In all other cases not otherwise provided for the Superior State Courts shall have original jurisdiction, and an appeal may be made to the Supreme federal Court in all cases where the subject in controversy or the decree or judgment of the State court shall be of the value of one thousand dollars and in cases of less value the appeal shall be to the High Court of Appeals, Court of Errors or other Supreme Court of the State where the suit shall be tried.

The trial of all crimes, except in case of impeachment shall be in the Superior Court of that State where the offence shall have been committed in such manner as the Congress shall by law direct except that the trial shall be by a jury. But when the crime shall not have been committed within any one of the United States the trial shall be at such place and in such manner as Congress shall by law direct, except that such trial shall also be by a jury.

[1 ]Detail of Ayes and Noes ascribes the same question to Votes 376 and 377, and is evidently in error in reading “2 Sect.”, instead of “1 Sect.” Madison gives these same votes at this point in the day’s proceedings, and they are assigned to the two questions in the Journal on Section 1 of Article XI.

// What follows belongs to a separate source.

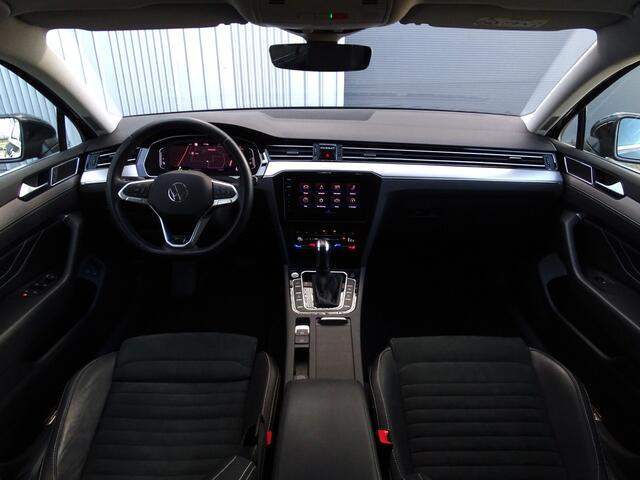 Volkswagen PASSAT Variant 1.4 TSI PHEV GTE Business | Elektrische trekhaak | Park Assist | Adaptive cruise | Ergocomfort stoel | 360 cam | Achteruitrijcamera | Lederen bekleding / alcantara bekleding | DAB | Apple CarPlay | Lane Assist | Side Assist | Elektrisch bedienbare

[2 ]Journal (p. 297) ascribes Vote 376, Detail of Ayes and Noes, to this question.

[3 ]Vote 381, Detail of Ayes and Noes, but this is inserted here merely because it is the only place that it seems to fit in with the proceedings.

[4 ]Vote 382, Detail of Ayes and Noes, but inserted here merely because of its relative position and that it is a negative vote.

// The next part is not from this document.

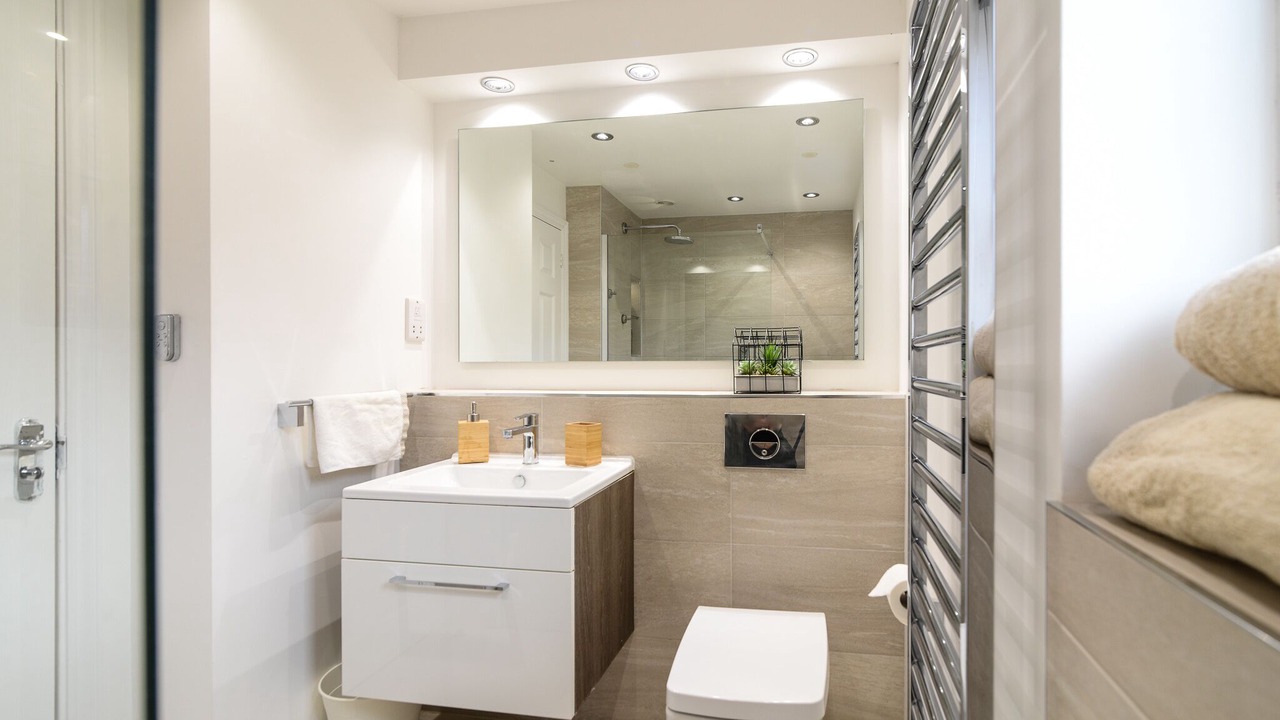 Photo of Bathroom in Pride Park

[5 ]Vote 383, Detail of Ayes and Noes, but inserted here merely because it is a negative vote preceding Vote 384.

[6 ]Relating to the powers and duties of the President.

[7 ]See also statement by Martin in Appendix A, CLVIII (79).

[8 ]Article XI, Sect. 1. “The Judicial Power of the United States shall be vested in one Supreme Court, and in such inferior Courts as shall, when necessary, from time to time, be constituted by the Legislature of the United States.”

[9 ]Article XI, Sect. 2. “The Judges of the Supreme Court, and of the Inferior Courts, shall hold their offices during good behaviour. They shall, at stated times, receive for their services, a compensation, which shall not be diminished during their continuance in office.”

[10 ]Taken from Journal which is probably in error as to the vote, see above notes 1 and 2.

[11 ]Relating to the jurisdiction of the Supreme Court.

[12 ]See Appendix A, CXXXIV.

[13 ]The preceding line was crossed out: “It was moved but disagreed to.” This would seem to correspond to Votes 381 and 382, Detail of Ayes and Noes. See above notes 3 and 4.

[14 ]Taken from Journal. See above note 5.

[15 ]See further Appendix A, CLVIII (83-87), CCVIII, CCXIV, CCXV, CCXXVIII, CCCVI, CCCXIV.

[16 ]See further Appendix A, XCIV.

[17 ]This document, not in Mason’s handwriting, was found among the Mason Papers. It seems to represent a plan for the organization and jurisdiction of the judiciary, which must have been prepared about this time by some one familiar with the work of the Convention. There is no evidence that it was presented to the Convention. It is reprinted here from K. M. Rowland, Life of George Mason, II, 385-386.